Exercise description:
Your reply should be the whole listing, copied exactly, with the pictures left out.

Exercise data:
- Opening Delimiter -

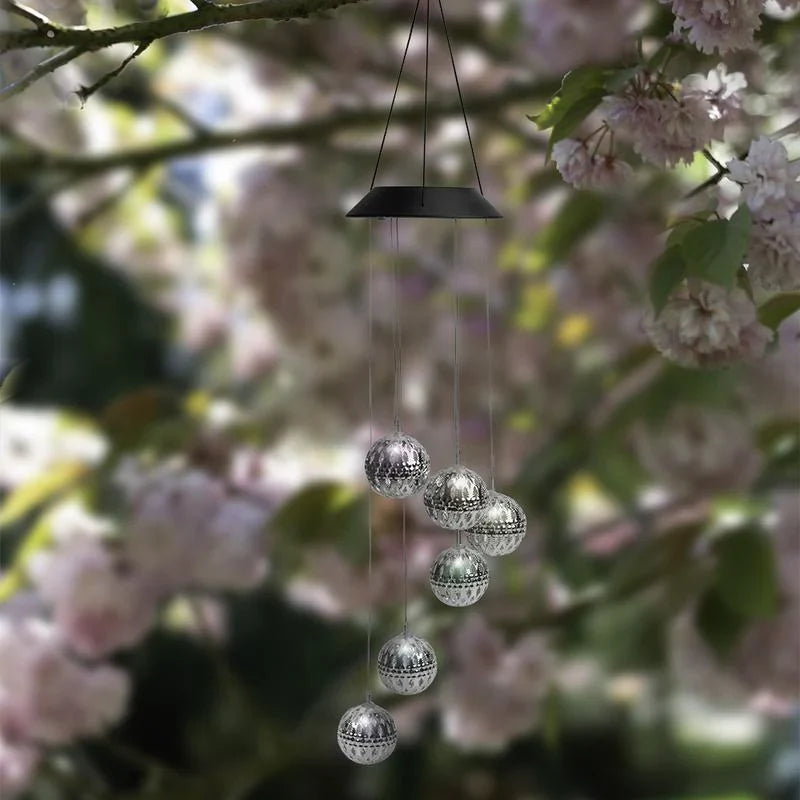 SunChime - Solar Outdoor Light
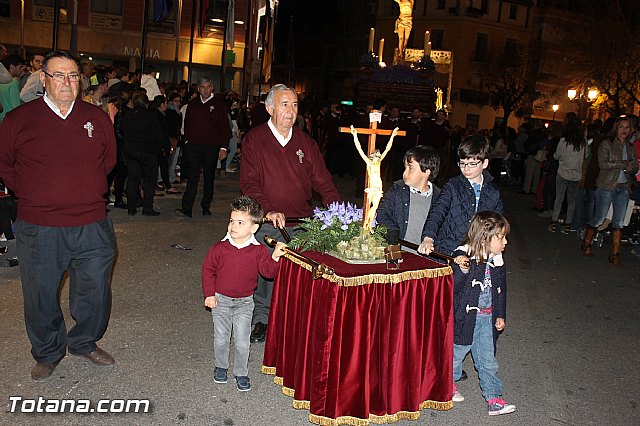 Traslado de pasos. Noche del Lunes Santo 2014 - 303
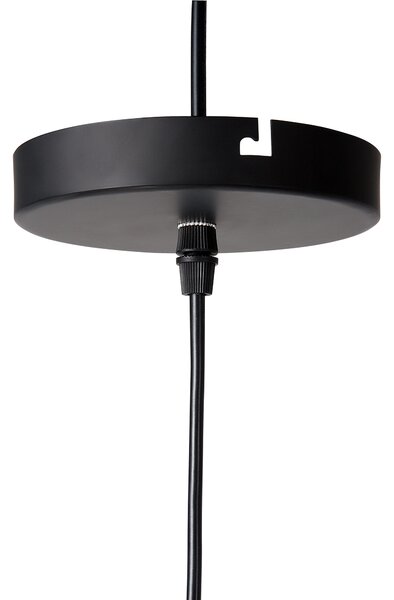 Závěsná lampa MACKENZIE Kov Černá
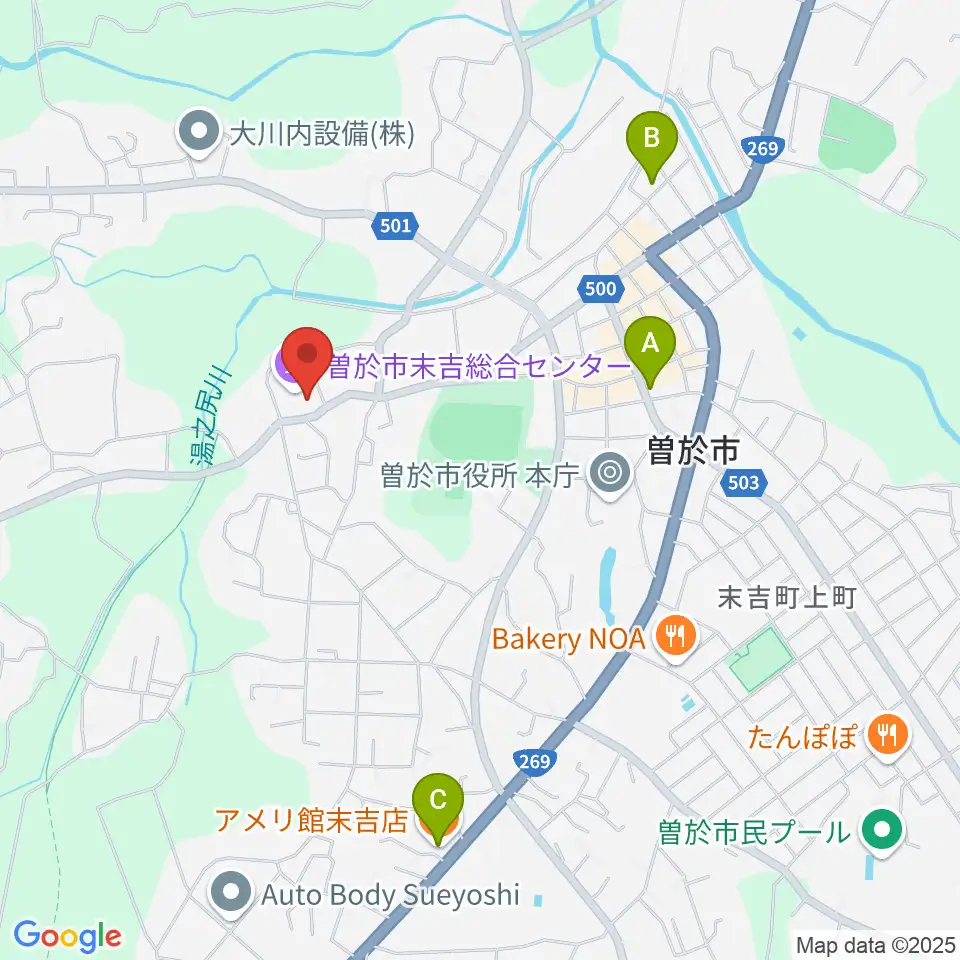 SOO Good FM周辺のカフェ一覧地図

- Closing Delimiter -

Problem solution:
 SunChime - Solar Outdoor Light
 Traslado de pasos. Noche del Lunes Santo 2014 - 303
 Závěsná lampa MACKENZIE Kov Černá
 SOO Good FM周辺のカフェ一覧地図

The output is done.